Please copy exactly the part of the records below that opens with the line containing "cute beautiful dog" and closes with the line containing "Quercus Douglasii", leaving out any pictures.

Pictures with short captions
^^^^

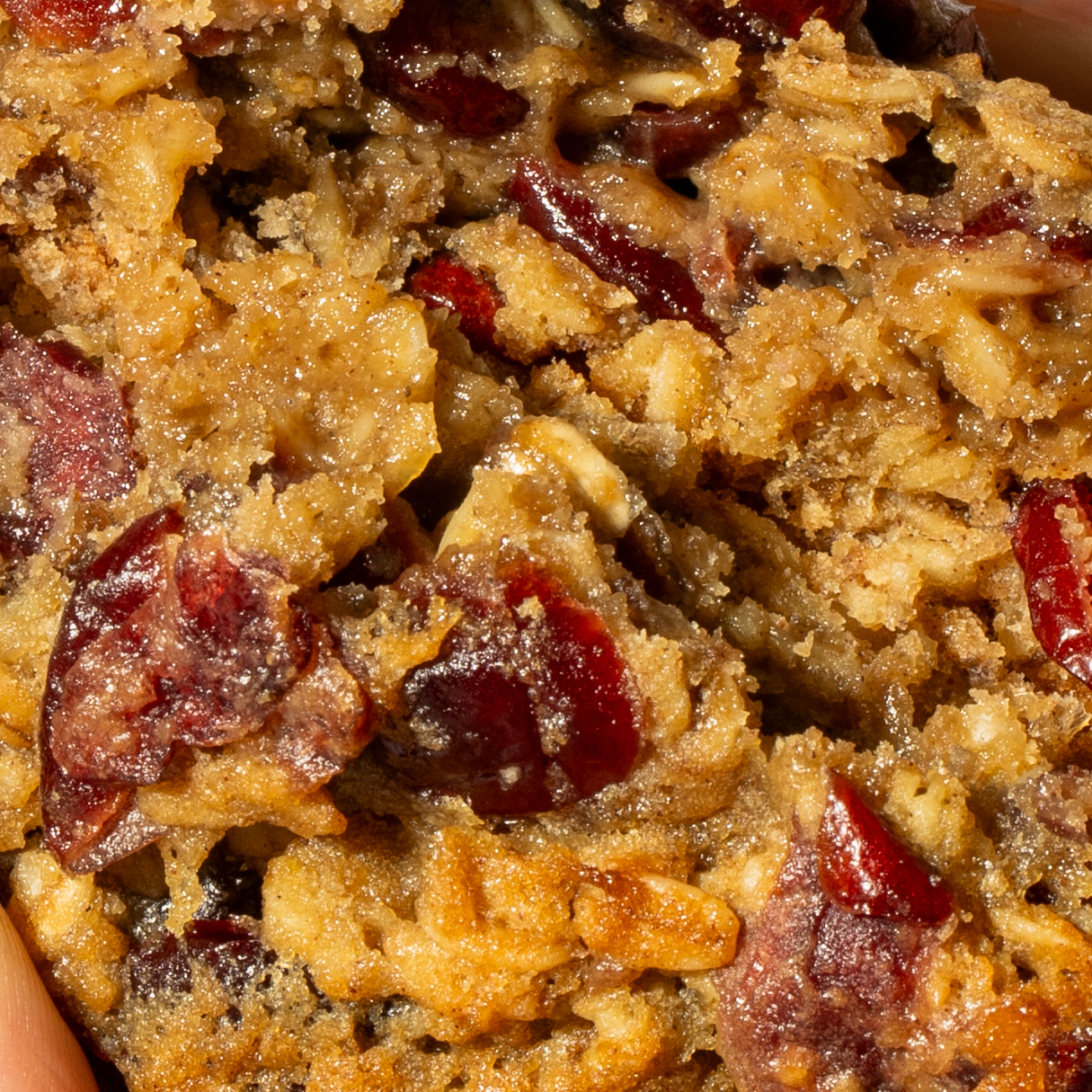 Old Fashioned Oatmeal Cranberry Cookie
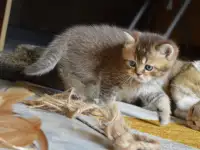 Шотландские прямоухие котята, фотография 5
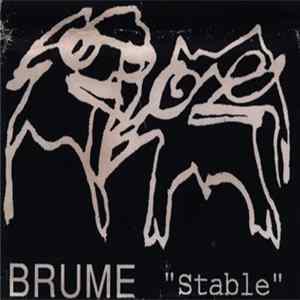 Brume - Stable flac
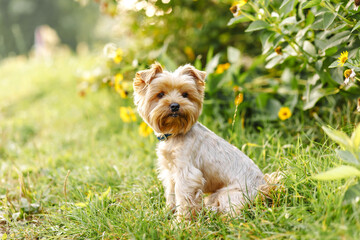 cute beautiful dog Small Yorkshire terrier walking in the park with flowers on green nature background with sunlight flare Bokeh Background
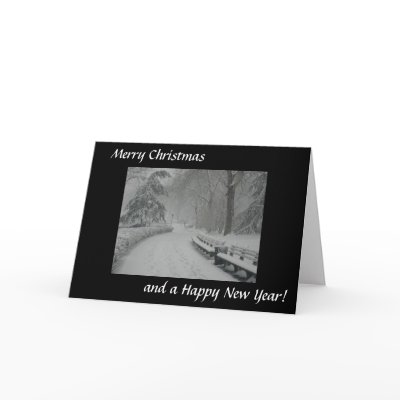 Snow in Central Park Greeting Card by giraffemoon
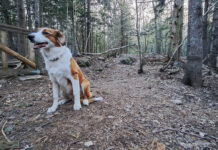 What philosopher Molyneux can teach us about dog training dog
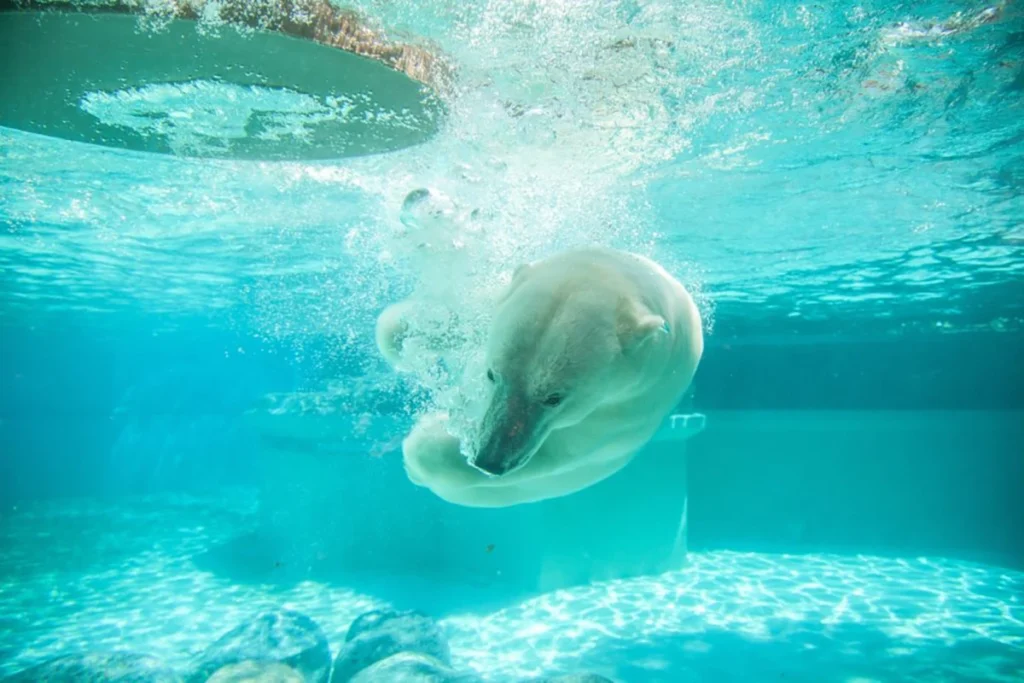 Polar bear swimming underwater at the Lincoln Park Zoo in Chicago.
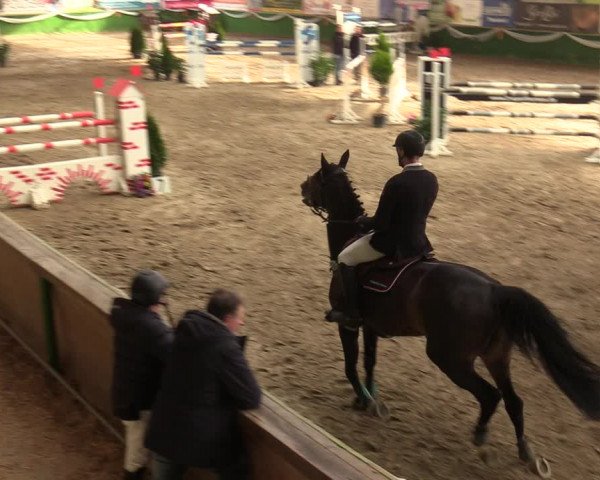 Reitturnier Keppeln - Reitanlage "Hötzenhof" 2020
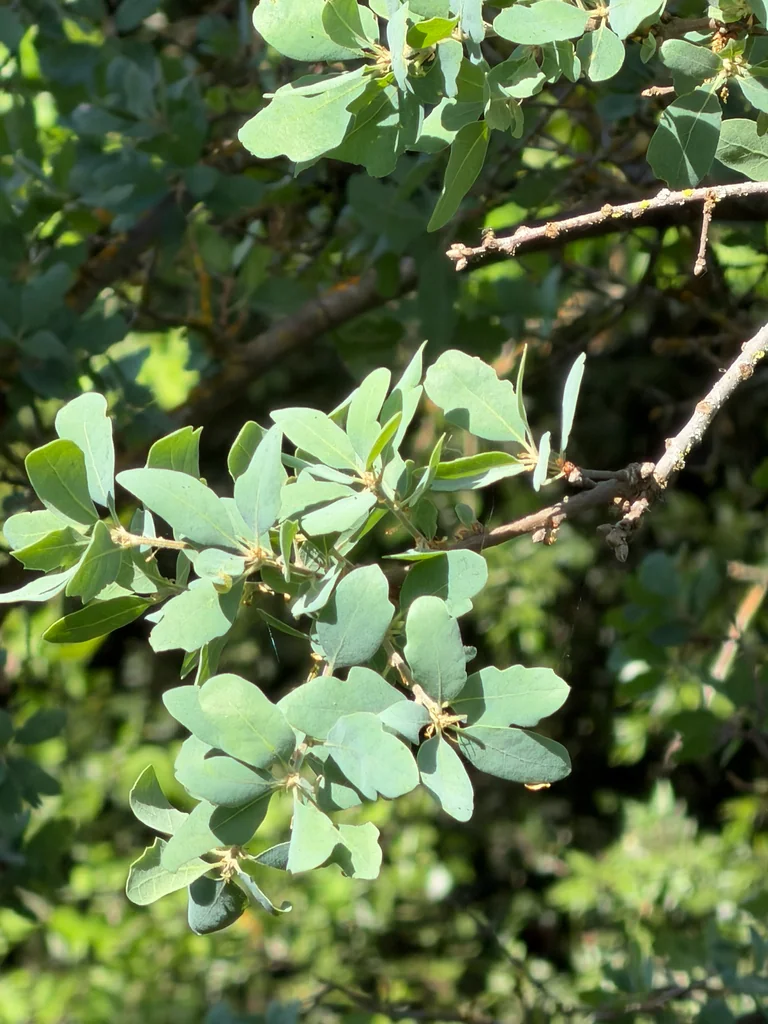Quercus Douglasii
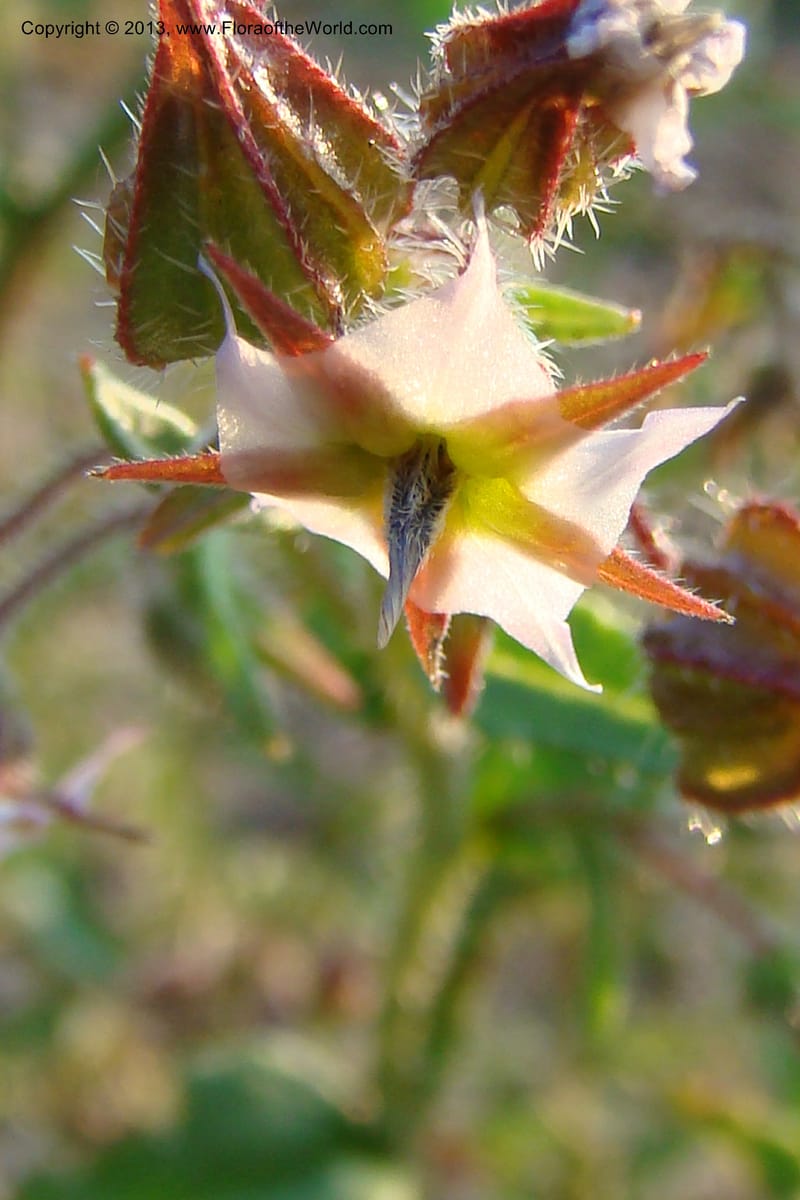 Trichodesma, C. Davidson 11554--South Africa. Northern Cape. Toward Gannabos. 25 Aug 09. 070 (3).jpg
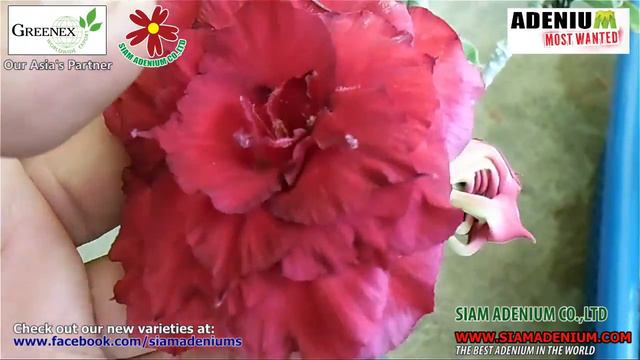 New 2015 Rosy Adenium
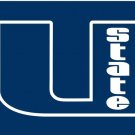Utah State Aggies Sports Team Flag 3x5ft-1
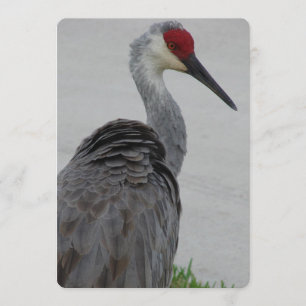 Handsome Sandhill Crane Kaart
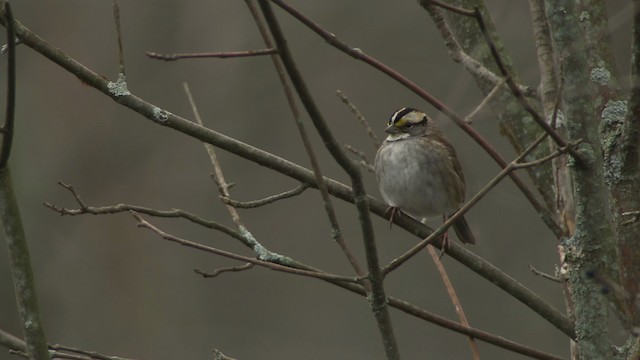 White-throated Sparrow - ML472228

^^^^

**FINAL ANSWER:**
 cute beautiful dog Small Yorkshire terrier walking in the park with flowers on green nature background with sunlight flare Bokeh Background
 Snow in Central Park Greeting Card by giraffemoon
 What philosopher Molyneux can teach us about dog training dog
 Polar bear swimming underwater at the Lincoln Park Zoo in Chicago.
 Reitturnier Keppeln - Reitanlage "Hötzenhof" 2020
Quercus Douglasii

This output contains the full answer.